POSTED RESPONSE TO A BOOK REVIEW IN THE TELEGRAPH
Hitler suffered several setbacks to his invasion, including the Greek situation. These were important, and might have made the difference, but there were other essential ingredients to the failure of Operation Barbarossa.Hitler unquestionably believed that his army would wrap up the campaign in three months, and he might have been right under ideal conditions. After all, his victories in the West had stunned the world, and he genuinely believed the Russians were untermensch, incapable of competing with Germans.

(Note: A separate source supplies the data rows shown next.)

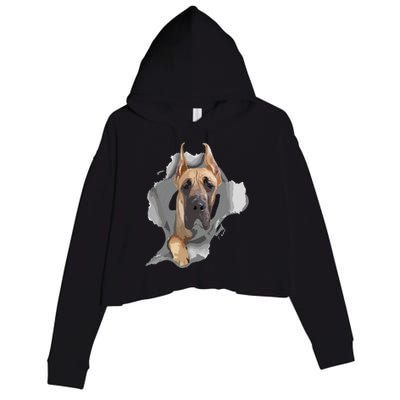 Great Dane Shirts Great Dane Lover Shirts Great Dane Crop Fleece Hoodie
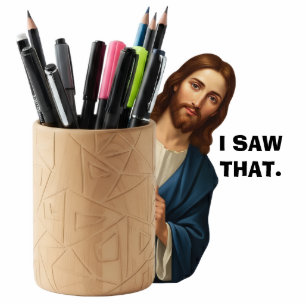 Funny Jesus Christ I Saw That 2D Desk Statue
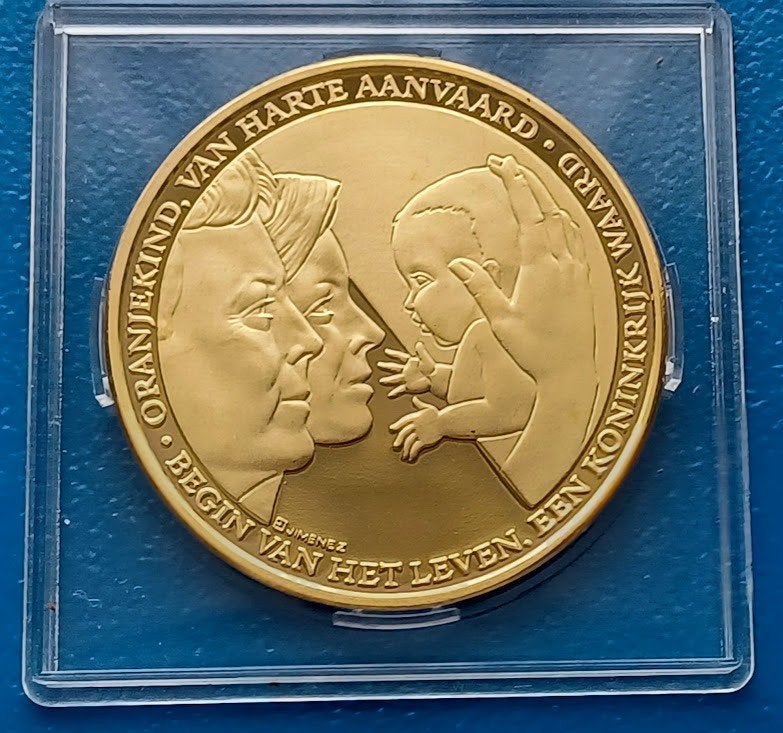 Onze Oranjes - Geboorte Prinses Amalia 2003, Verzenden, Brons, Nederland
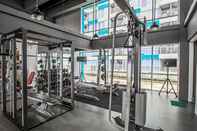 Fitness Center Modern 1BR Apartment with City View at H Residence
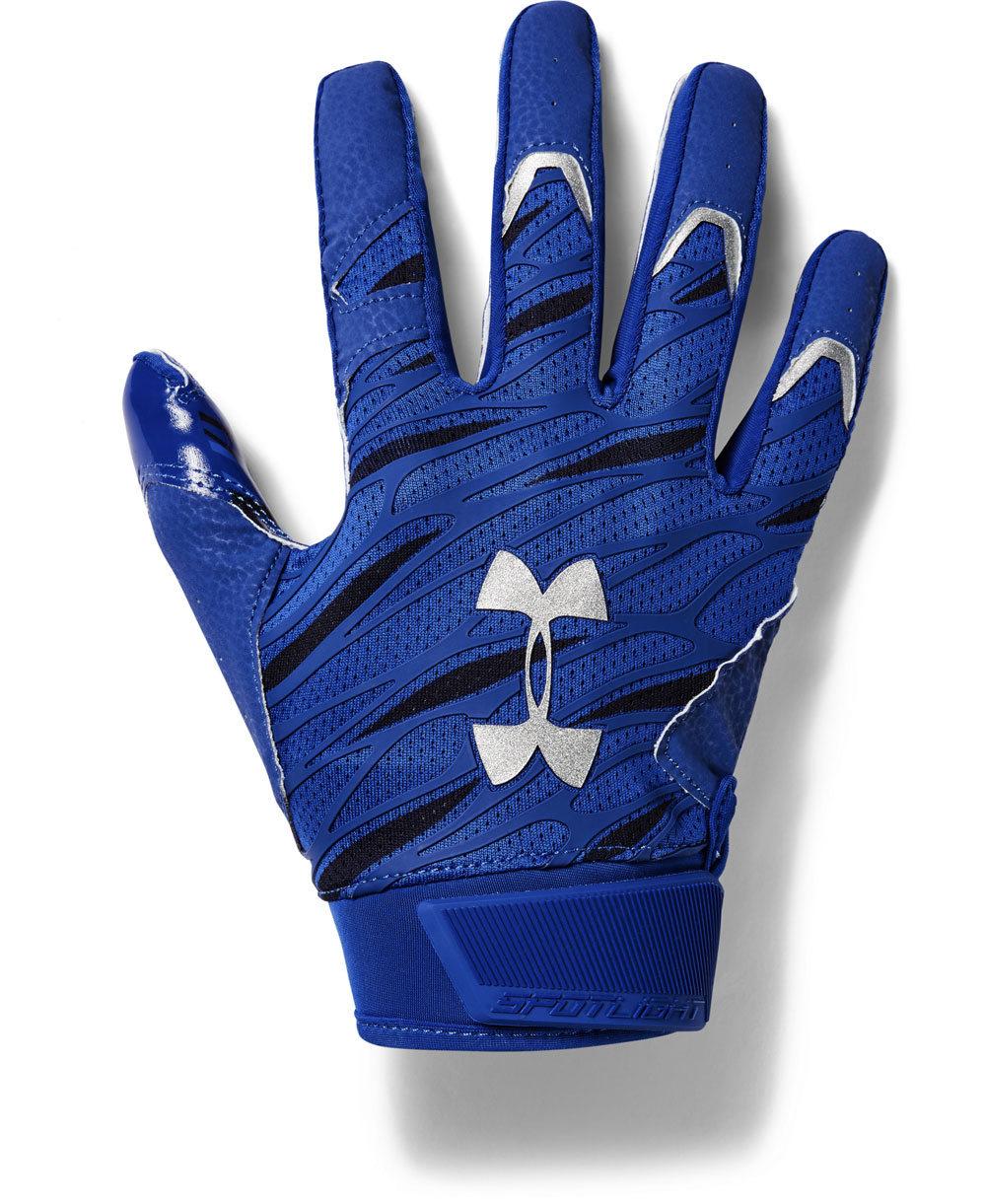 UA Spotlight Men's Football Gloves Royal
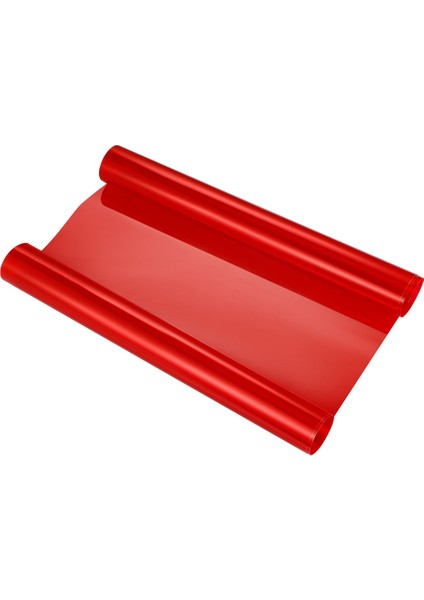 Kırmızı 30CM x 100CM Otomatik Araba Folyo Kafa Lambası Arka Lamba Sis Lambası Vinil Duman Film Levha Sticker Kapak Otomobiller Dekal Araba Stil (Yurt Dışından)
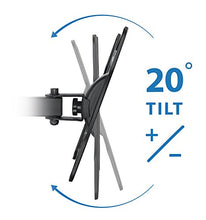 Load image into Gallery viewer, Mount-It! Full Motion TV Wall Mount Monitor Wall Bracket with Swivel and Articulating Tilt Arm, Fits 26 32 35 37 40 42 47 50 55 Inch LCD LED OLED Flat Screens up to 66 lbs and VESA 400x400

And, as it proved, Stalin went into a drunken stupor after the initial success of the Germans, and no Russian general dared make a major move not approved by Stalin.

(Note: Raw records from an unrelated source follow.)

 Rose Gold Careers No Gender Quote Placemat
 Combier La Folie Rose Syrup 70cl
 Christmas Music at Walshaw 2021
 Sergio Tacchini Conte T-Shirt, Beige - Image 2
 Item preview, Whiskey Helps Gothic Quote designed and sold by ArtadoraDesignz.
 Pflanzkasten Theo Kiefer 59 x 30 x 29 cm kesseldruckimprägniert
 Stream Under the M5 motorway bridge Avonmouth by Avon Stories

Hitler started the invasion believing in a fantasy idea of the abilities of Russians, and anyone who undertakes a great destructive task motivated by fantasy usually fails, just as the Crusaders centuries before. But it is important to keep in mind that Hitler’s racial fantasies were perhaps no sillier or less factual than the religious beliefs of many: he was not mad – several psychiatric studies have said so – but he had a foolish, superstitious, and destructive faith.
Germany’s taking over the best Russian lands – without their people or with the people reduced to slaves – was unquestionably Hitler’s great mission in life. All else was prologue. He believed he was a kind of savior for the German people in achieving their destiny.
Germany’s destiny, as he saw it, was to be able to do what America had done in building a vast empire that ultimately created the kind of economies of scale in its markets to be a great economic force in the world. Hitler understood these principles, and he knew America had had a relatively easy time of it, facing weak opponents like native people and Spanish settlers.
That is why he insisted on absolute ruthlessness in the Russian invasion: while he had contempt for Russians as people, he knew the numbers were not on his side.
He knew the invasion would be very bloody, and that is why he used it as a cover for the beginning of the Holocaust. He not only believed that the death camps would be lost in the noise and horror of the greatest battle of all time, but his strange religion caused him to believe that, with young Germans dying in the East, it was somehow right that the Jews’ numbers should be reduced.
Hitler’s underrating of the Russians included military technology, but, while Germany was in many areas more advanced, the Russians produced some very effective weapons, including perhaps most importantly the T-34 tank. Stalin also kept vast armored reserves hidden in the East, reserves of which Hitler was not fully aware. They proved decisive when the Germans had expended their first great energy.
Winter played a role in Hitler’s defeat of course, but the fierce heroism of the Russians stunned the world as well as Hitler.